Learning algorithm

Definition

The term learning algorithm is used to refer to the part of a machine learning problem that specifically involves optimization of the (possibly regularized) cost function using the training data. Learning algorithms may proceed as iterative algorithms, that start with an initial guess for the parameter vector and then refune that guess, or as non-iterative algorithms, that directly proceed to solve for the parameter vector.

Evaluation of learning algorithms

There are two ways of judging the success of a learning algorithm, and these approaches correspond to different views of the relationship between the learning algorithm and regularization.

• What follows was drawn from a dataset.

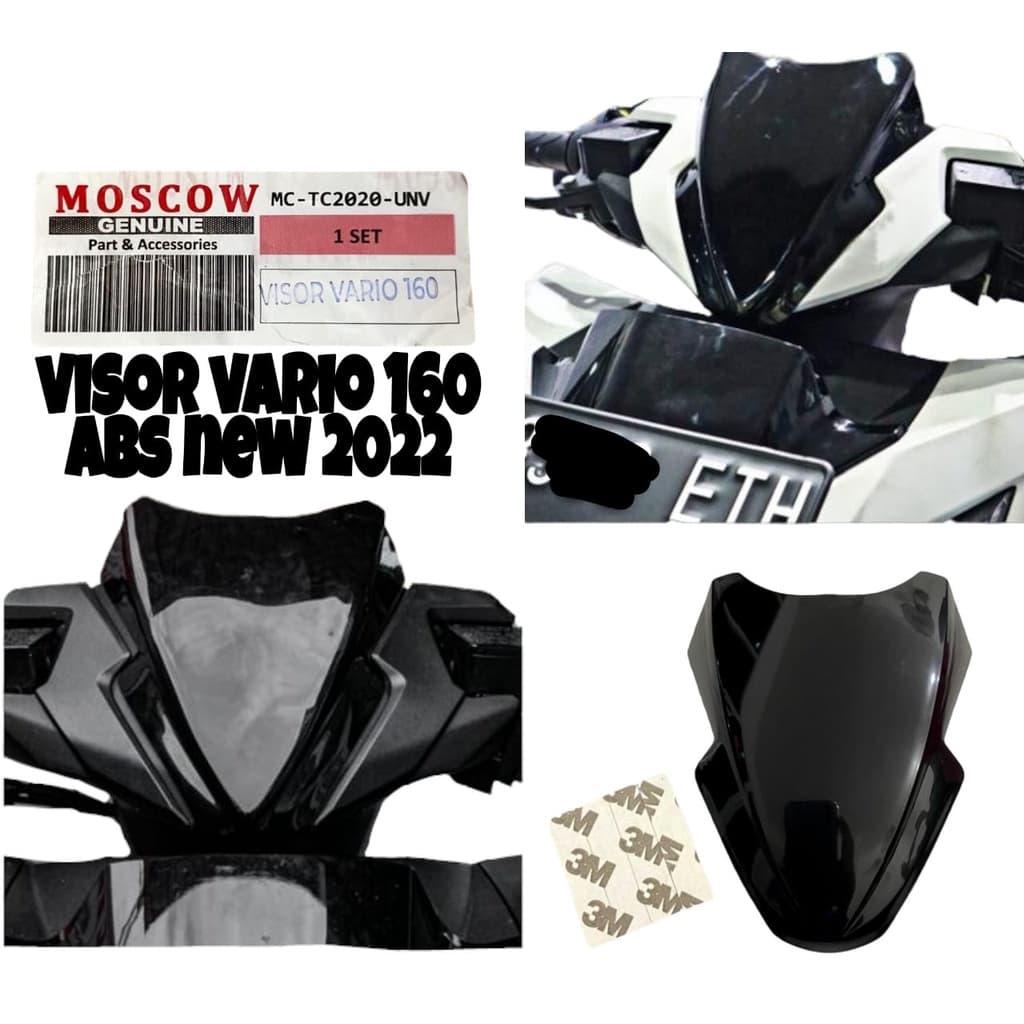 VISOR VARIO 160 ABS ใหม่ 2022 BLACK VISOR VARIO 160 CBS รุ่น LIKE ORIGINAL HONDA NEW WINSIL VARIO 160 CBS…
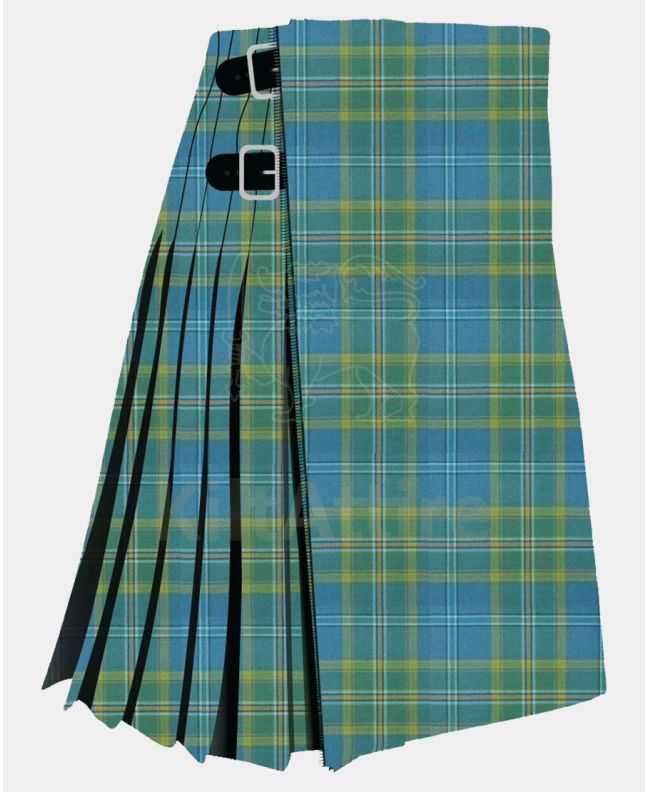 All Ireland Blue Modern Tartan Kilt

Measurement of the cost function on the training data

This is a narrow view of the learning algorithm: the smaller the (appropriately regularized) cost function on the training data, the better the learning algorithm. The question of how good the cost function is on the test or cross-validation data is not considered the domain of the learning algorithm, but rather, of the choices made in the regularization process. Thus, the learning algorithm is not itself concerned with overfitting: that is something for the regularization process to worry about.

In this view, then, the goal of the learning algorithm is simply to solve a calculus optimization problem: we are given a function of several variables (the function being the cost function on the training data and the variables being the parameters) and we need to minimize it. Standard optimization algorithms apply. The success of an algorithm is determined by how low the cost function value is on the parameter vector it outputs.

Measurement of the cost function on data used for cross-validation or testing

This is a broader view of the learning algorithm, namely, it measures how well the algorithm does on data that was withheld from it.

In this view, the learning algorithm and regularization choices are not cleanly separable: it is the responsibility of the learning algorithm and the regularization choices to together produce a parameter vector that performs well on the cross-validation or test data.

This view complicates the goal of the learning algorithm: we can no longer use the cost function on the training data as a decisive measure of how good the learning algorithm has performed. The problem therefore no longer remains a calculus optimization problem for a clearly defined function, but rather, involves some consideration of the statistical process by which the data is generated.

This approach is sometimes necessary, because some techniques to avoid overfitting, such as early stopping, are techniques intrinsic to the learning algorithm and cannot be encoded into the choice of a regularization term to add to the cost function.